Stored entries
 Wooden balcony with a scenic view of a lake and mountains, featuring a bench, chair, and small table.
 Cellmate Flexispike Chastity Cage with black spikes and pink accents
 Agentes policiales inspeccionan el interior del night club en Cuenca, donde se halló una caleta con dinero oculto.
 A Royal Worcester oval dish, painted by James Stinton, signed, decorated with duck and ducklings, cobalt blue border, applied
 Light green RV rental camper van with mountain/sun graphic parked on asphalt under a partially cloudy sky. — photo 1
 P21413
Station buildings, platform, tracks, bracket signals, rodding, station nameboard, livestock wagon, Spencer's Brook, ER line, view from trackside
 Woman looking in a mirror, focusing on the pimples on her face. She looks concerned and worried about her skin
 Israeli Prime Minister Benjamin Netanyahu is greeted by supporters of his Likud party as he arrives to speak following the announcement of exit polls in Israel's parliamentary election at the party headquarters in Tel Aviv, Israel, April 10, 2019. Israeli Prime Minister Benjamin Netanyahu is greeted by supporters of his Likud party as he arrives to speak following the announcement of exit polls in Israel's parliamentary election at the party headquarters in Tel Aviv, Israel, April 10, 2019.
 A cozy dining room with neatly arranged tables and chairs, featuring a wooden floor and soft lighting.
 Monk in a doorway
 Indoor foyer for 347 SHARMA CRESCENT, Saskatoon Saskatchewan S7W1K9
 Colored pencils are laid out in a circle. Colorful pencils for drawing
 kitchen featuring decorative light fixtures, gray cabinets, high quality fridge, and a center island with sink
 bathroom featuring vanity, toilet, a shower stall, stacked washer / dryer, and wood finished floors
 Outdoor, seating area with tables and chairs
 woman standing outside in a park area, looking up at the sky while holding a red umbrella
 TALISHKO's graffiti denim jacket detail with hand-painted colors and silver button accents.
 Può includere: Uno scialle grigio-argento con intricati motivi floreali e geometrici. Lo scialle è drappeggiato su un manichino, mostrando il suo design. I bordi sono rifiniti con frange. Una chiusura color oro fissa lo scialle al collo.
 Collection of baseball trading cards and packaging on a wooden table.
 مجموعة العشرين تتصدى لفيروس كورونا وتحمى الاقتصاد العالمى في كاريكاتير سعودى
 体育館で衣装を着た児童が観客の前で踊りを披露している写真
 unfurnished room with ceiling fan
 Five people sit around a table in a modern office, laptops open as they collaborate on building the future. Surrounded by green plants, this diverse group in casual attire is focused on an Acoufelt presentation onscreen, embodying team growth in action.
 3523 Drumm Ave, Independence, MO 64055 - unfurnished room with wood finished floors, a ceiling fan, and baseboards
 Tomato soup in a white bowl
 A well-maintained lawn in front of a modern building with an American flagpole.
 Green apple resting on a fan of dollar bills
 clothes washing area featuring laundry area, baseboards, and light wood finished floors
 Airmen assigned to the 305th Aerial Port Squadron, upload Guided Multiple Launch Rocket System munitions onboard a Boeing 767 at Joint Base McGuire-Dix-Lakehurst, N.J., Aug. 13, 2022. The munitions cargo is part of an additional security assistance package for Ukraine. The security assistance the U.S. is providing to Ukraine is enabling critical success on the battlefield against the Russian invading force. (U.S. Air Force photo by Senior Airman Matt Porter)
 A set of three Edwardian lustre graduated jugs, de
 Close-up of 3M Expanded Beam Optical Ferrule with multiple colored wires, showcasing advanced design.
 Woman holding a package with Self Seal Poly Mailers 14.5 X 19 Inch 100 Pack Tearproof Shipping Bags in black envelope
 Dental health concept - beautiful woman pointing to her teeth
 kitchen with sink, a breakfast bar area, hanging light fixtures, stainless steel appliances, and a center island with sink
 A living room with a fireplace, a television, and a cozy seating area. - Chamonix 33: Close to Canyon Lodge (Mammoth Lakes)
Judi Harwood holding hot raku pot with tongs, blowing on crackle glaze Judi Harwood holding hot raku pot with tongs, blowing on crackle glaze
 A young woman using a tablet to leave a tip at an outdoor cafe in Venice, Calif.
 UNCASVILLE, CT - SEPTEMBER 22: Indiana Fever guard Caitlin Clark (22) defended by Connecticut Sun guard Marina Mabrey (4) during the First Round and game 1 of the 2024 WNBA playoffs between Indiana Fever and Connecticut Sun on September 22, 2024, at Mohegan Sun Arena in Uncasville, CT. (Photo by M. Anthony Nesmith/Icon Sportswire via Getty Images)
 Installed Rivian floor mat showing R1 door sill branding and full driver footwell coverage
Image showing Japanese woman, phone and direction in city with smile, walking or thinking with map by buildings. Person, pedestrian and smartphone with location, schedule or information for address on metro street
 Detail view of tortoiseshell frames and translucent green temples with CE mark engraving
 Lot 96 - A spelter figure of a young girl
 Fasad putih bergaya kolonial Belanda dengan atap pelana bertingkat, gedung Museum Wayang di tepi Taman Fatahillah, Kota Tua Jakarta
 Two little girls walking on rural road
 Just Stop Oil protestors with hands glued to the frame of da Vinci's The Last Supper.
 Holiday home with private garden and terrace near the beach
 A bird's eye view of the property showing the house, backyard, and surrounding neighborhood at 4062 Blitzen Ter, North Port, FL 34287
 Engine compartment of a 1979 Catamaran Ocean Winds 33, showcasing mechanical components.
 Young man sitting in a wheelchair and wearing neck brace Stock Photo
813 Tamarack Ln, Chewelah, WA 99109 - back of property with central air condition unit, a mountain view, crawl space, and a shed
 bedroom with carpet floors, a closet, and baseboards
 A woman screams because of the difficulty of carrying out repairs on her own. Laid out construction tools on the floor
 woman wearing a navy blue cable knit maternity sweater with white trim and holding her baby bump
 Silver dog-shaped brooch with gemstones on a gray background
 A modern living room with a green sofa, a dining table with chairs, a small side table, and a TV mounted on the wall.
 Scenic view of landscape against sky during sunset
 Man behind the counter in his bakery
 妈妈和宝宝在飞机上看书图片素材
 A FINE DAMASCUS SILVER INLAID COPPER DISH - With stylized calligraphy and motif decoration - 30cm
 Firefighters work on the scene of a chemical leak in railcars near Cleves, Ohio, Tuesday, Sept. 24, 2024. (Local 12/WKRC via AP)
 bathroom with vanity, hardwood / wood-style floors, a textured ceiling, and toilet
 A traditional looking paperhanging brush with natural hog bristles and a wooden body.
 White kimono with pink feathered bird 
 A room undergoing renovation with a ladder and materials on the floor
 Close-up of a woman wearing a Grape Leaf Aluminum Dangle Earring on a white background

## [Activity]
Report how many lines of the data contain the word "property", using the number alone.

## [Problem solution]
2